RAIN: Real-time Animation Of Infinite Video Stream

Abstract

Live animation has gained immense popularity for enhancing online engagement, yet achieving high-quality, real-time, and stable animation with diffusion models remains challenging, especially on consumer-grade GPUs. Existing methods struggle with generating long, consistent video streams efficiently, often being limited by latency issues and degraded visual quality over extended periods. In this paper, we introduce RAIN, a pipeline solution capable of animating infinite video streams in real-time with low latency using a single RTX 4090 GPU. The core idea of RAIN is to efficiently compute frame-token attention across different noise levels and long time-intervals while simultaneously denoising a significantly larger number of frame-tokens than previous stream-based methods. This design allows RAIN to generate video frames with much shorter latency and faster speed, while maintaining long-range attention over extended video streams, resulting in enhanced continuity and consistency. Consequently, a Stable Diffusion model fine-tuned with RAIN in just a few epochs can produce video streams in real-time and low latency without much compromise in quality or consistency, up to infinite long. Despite its advanced capabilities, the RAIN only introduces a few additional 1D attention blocks, imposing minimal additional burden. Experiments in benchmark datasets and generating super-long videos demonstrating that RAIN can animate characters in real-time with much better quality, accuracy, and consistency than competitors while costing less latency. All code and models will be made publicly available.

Framework

RAIN adopts a pipeline-like design for inferencing on streaming video. The latent states are filled with frames with stepped noise levels. Each time the denoising process will be performed on a group of frames. Therefore RAIN supports generation of infinite long video.
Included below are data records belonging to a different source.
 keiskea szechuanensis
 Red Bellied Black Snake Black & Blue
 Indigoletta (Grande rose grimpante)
For speeding up, RAIN adopts several methods of acceleration. We perform LCM Distillation on the UNet model, and adopts TAESDV as VAE Decoder. With TensorRT acceleration, RAIN generally runs at 18 fps with latency ~ 1.5s on single RTX 4090 with resolution of 512x512 and DWPose as feature extractor.

Wholebody Animation

Test Example from UBC-Fashion Dataset, the model is only trained on 500 video clips from training dataset.
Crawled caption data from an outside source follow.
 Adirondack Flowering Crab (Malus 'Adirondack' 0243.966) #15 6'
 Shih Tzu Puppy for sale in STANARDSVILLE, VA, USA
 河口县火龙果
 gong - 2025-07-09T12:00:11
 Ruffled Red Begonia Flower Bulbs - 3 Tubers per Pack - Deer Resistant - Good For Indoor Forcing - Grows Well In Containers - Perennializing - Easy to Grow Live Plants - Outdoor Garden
Cross Domain Face Morphing

Face morphing examples, expressions and head positions of real face are mapped into anime faces.

Future

RAIN provides a possible way of rendering real-time animation with AI. We could expecting the future of combining AI together with CG in rendering games, live streams and virtual realities. In which we could take the great advantage of generalization from AI in rendering countless new scenes and objects, and also provide a more interactive way to participate in the synthesized world.